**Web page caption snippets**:
::::
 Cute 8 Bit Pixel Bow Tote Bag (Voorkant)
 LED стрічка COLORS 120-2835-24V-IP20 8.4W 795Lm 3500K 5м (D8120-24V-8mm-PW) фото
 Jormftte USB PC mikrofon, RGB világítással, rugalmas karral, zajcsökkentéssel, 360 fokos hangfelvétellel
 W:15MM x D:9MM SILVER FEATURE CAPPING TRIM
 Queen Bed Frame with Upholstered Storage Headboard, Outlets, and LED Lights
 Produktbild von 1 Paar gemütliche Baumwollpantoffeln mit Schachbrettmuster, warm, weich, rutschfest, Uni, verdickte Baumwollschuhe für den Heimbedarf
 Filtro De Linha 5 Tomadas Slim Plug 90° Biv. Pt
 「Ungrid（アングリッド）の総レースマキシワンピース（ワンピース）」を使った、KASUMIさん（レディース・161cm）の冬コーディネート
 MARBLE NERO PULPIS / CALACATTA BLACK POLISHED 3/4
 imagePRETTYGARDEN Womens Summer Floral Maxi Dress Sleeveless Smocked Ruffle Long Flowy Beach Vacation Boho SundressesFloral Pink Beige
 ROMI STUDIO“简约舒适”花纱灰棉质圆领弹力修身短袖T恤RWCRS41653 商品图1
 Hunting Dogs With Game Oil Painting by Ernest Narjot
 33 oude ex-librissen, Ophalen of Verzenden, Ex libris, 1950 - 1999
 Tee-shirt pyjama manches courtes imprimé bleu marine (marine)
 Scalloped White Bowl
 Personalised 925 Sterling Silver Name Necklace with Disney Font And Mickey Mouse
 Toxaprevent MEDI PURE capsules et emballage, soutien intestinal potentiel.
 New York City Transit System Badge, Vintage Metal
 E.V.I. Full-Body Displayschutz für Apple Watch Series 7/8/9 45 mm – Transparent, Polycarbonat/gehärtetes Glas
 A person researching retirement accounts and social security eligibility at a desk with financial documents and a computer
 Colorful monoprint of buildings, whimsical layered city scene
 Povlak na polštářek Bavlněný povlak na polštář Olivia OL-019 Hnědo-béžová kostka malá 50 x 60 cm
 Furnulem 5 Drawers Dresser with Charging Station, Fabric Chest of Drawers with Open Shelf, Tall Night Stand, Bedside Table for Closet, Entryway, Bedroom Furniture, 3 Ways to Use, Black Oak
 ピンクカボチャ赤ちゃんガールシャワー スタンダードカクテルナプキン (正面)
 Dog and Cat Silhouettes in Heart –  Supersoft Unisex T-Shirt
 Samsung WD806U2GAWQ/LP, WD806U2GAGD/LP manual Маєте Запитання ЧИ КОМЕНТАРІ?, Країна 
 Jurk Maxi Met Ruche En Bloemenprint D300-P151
::::
Which lines in the data above hold the string "Maxi"? Return each of them.

**Answer below**:
 imagePRETTYGARDEN Womens Summer Floral Maxi Dress Sleeveless Smocked Ruffle Long Flowy Beach Vacation Boho SundressesFloral Pink Beige
 Jurk Maxi Met Ruche En Bloemenprint D300-P151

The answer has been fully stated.